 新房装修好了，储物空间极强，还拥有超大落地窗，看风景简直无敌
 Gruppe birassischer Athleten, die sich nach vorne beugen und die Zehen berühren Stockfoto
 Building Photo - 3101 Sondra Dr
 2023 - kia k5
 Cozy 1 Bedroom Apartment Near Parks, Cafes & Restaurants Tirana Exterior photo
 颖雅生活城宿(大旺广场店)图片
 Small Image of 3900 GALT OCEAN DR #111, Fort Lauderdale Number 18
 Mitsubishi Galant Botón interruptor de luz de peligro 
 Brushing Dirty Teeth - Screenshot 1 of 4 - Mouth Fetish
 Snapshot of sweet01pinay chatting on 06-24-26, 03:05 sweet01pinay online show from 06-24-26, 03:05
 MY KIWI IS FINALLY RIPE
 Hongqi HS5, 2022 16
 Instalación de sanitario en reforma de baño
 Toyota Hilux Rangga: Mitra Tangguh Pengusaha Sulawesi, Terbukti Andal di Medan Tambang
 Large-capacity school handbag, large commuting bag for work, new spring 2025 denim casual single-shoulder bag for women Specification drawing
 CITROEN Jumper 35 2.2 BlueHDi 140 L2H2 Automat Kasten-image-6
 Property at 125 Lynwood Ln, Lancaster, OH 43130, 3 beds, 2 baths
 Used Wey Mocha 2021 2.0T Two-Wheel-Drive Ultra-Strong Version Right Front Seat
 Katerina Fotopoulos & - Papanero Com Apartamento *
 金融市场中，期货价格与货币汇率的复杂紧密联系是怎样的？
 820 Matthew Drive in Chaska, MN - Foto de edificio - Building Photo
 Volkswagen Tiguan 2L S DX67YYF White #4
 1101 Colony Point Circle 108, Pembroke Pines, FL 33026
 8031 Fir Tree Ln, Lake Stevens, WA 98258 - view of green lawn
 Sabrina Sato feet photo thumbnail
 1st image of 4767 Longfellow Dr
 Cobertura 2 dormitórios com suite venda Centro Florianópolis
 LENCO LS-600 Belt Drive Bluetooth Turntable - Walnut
--*--
§ **Task instructions**
Your answer must be the lines from the first line of the records through the line containing "Cobertura 2 dormitórios", copied exactly.

§ **Response area**
 新房装修好了，储物空间极强，还拥有超大落地窗，看风景简直无敌
 Gruppe birassischer Athleten, die sich nach vorne beugen und die Zehen berühren Stockfoto
 Building Photo - 3101 Sondra Dr
 2023 - kia k5
 Cozy 1 Bedroom Apartment Near Parks, Cafes & Restaurants Tirana Exterior photo
 颖雅生活城宿(大旺广场店)图片
 Small Image of 3900 GALT OCEAN DR #111, Fort Lauderdale Number 18
 Mitsubishi Galant Botón interruptor de luz de peligro 
 Brushing Dirty Teeth - Screenshot 1 of 4 - Mouth Fetish
 Snapshot of sweet01pinay chatting on 06-24-26, 03:05 sweet01pinay online show from 06-24-26, 03:05
 MY KIWI IS FINALLY RIPE
 Hongqi HS5, 2022 16
 Instalación de sanitario en reforma de baño
 Toyota Hilux Rangga: Mitra Tangguh Pengusaha Sulawesi, Terbukti Andal di Medan Tambang
 Large-capacity school handbag, large commuting bag for work, new spring 2025 denim casual single-shoulder bag for women Specification drawing
 CITROEN Jumper 35 2.2 BlueHDi 140 L2H2 Automat Kasten-image-6
 Property at 125 Lynwood Ln, Lancaster, OH 43130, 3 beds, 2 baths
 Used Wey Mocha 2021 2.0T Two-Wheel-Drive Ultra-Strong Version Right Front Seat
 Katerina Fotopoulos & - Papanero Com Apartamento *
 金融市场中，期货价格与货币汇率的复杂紧密联系是怎样的？
 820 Matthew Drive in Chaska, MN - Foto de edificio - Building Photo
 Volkswagen Tiguan 2L S DX67YYF White #4
 1101 Colony Point Circle 108, Pembroke Pines, FL 33026
 8031 Fir Tree Ln, Lake Stevens, WA 98258 - view of green lawn
 Sabrina Sato feet photo thumbnail
 1st image of 4767 Longfellow Dr
 Cobertura 2 dormitórios com suite venda Centro Florianópolis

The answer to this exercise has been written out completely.